__Entries provided__
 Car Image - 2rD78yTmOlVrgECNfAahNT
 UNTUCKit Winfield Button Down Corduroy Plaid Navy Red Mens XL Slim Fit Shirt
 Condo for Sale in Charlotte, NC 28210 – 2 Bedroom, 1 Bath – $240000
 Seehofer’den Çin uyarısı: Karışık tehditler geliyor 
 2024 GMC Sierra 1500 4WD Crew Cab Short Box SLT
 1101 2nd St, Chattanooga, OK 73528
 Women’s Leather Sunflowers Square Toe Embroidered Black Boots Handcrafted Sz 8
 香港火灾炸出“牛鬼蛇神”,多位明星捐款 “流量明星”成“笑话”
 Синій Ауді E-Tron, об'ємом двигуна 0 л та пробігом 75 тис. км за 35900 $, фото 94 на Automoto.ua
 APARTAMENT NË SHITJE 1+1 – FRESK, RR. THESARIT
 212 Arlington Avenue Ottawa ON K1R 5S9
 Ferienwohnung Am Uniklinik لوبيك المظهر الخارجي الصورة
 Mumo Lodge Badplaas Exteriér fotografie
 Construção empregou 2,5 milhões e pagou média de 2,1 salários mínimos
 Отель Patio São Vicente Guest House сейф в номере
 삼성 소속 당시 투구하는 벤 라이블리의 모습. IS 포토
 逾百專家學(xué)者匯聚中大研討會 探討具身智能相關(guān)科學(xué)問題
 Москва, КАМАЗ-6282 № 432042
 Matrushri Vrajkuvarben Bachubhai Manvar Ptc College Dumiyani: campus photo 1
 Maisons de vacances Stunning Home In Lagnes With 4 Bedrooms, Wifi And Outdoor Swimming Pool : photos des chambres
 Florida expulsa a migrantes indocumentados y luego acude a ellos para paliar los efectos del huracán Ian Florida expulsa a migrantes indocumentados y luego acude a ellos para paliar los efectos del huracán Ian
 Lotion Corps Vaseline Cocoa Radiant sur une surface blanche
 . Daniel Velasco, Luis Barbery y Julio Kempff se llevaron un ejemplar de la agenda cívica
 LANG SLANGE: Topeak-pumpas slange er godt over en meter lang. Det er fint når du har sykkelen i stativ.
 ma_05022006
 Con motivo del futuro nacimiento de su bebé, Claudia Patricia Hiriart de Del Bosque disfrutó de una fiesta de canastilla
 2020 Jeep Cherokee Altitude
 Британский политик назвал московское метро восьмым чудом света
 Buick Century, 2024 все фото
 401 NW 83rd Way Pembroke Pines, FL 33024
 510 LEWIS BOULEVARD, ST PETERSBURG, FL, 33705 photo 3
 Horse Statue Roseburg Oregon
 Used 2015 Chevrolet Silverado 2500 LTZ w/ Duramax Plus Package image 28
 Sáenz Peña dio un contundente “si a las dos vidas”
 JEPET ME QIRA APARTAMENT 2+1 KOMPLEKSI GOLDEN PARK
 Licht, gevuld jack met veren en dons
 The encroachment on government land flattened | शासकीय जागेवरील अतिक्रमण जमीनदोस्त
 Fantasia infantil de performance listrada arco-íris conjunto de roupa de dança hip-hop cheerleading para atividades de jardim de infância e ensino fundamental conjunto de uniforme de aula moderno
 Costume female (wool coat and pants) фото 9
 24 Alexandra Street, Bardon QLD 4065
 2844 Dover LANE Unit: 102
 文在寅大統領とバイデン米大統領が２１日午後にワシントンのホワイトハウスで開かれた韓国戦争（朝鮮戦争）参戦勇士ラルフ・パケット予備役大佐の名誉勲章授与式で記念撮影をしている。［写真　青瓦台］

__What needs to be done__
Repeat the data word for word, leaving out no line.

__Task solution__
 Car Image - 2rD78yTmOlVrgECNfAahNT
 UNTUCKit Winfield Button Down Corduroy Plaid Navy Red Mens XL Slim Fit Shirt
 Condo for Sale in Charlotte, NC 28210 – 2 Bedroom, 1 Bath – $240000
 Seehofer’den Çin uyarısı: Karışık tehditler geliyor 
 2024 GMC Sierra 1500 4WD Crew Cab Short Box SLT
 1101 2nd St, Chattanooga, OK 73528
 Women’s Leather Sunflowers Square Toe Embroidered Black Boots Handcrafted Sz 8
 香港火灾炸出“牛鬼蛇神”,多位明星捐款 “流量明星”成“笑话”
 Синій Ауді E-Tron, об'ємом двигуна 0 л та пробігом 75 тис. км за 35900 $, фото 94 на Automoto.ua
 APARTAMENT NË SHITJE 1+1 – FRESK, RR. THESARIT
 212 Arlington Avenue Ottawa ON K1R 5S9
 Ferienwohnung Am Uniklinik لوبيك المظهر الخارجي الصورة
 Mumo Lodge Badplaas Exteriér fotografie
 Construção empregou 2,5 milhões e pagou média de 2,1 salários mínimos
 Отель Patio São Vicente Guest House сейф в номере
 삼성 소속 당시 투구하는 벤 라이블리의 모습. IS 포토
 逾百專家學(xué)者匯聚中大研討會 探討具身智能相關(guān)科學(xué)問題
 Москва, КАМАЗ-6282 № 432042
 Matrushri Vrajkuvarben Bachubhai Manvar Ptc College Dumiyani: campus photo 1
 Maisons de vacances Stunning Home In Lagnes With 4 Bedrooms, Wifi And Outdoor Swimming Pool : photos des chambres
 Florida expulsa a migrantes indocumentados y luego acude a ellos para paliar los efectos del huracán Ian Florida expulsa a migrantes indocumentados y luego acude a ellos para paliar los efectos del huracán Ian
 Lotion Corps Vaseline Cocoa Radiant sur une surface blanche
 . Daniel Velasco, Luis Barbery y Julio Kempff se llevaron un ejemplar de la agenda cívica
 LANG SLANGE: Topeak-pumpas slange er godt over en meter lang. Det er fint når du har sykkelen i stativ.
 ma_05022006
 Con motivo del futuro nacimiento de su bebé, Claudia Patricia Hiriart de Del Bosque disfrutó de una fiesta de canastilla
 2020 Jeep Cherokee Altitude
 Британский политик назвал московское метро восьмым чудом света
 Buick Century, 2024 все фото
 401 NW 83rd Way Pembroke Pines, FL 33024
 510 LEWIS BOULEVARD, ST PETERSBURG, FL, 33705 photo 3
 Horse Statue Roseburg Oregon
 Used 2015 Chevrolet Silverado 2500 LTZ w/ Duramax Plus Package image 28
 Sáenz Peña dio un contundente “si a las dos vidas”
 JEPET ME QIRA APARTAMENT 2+1 KOMPLEKSI GOLDEN PARK
 Licht, gevuld jack met veren en dons
 The encroachment on government land flattened | शासकीय जागेवरील अतिक्रमण जमीनदोस्त
 Fantasia infantil de performance listrada arco-íris conjunto de roupa de dança hip-hop cheerleading para atividades de jardim de infância e ensino fundamental conjunto de uniforme de aula moderno
 Costume female (wool coat and pants) фото 9
 24 Alexandra Street, Bardon QLD 4065
 2844 Dover LANE Unit: 102
 文在寅大統領とバイデン米大統領が２１日午後にワシントンのホワイトハウスで開かれた韓国戦争（朝鮮戦争）参戦勇士ラルフ・パケット予備役大佐の名誉勲章授与式で記念撮影をしている。［写真　青瓦台］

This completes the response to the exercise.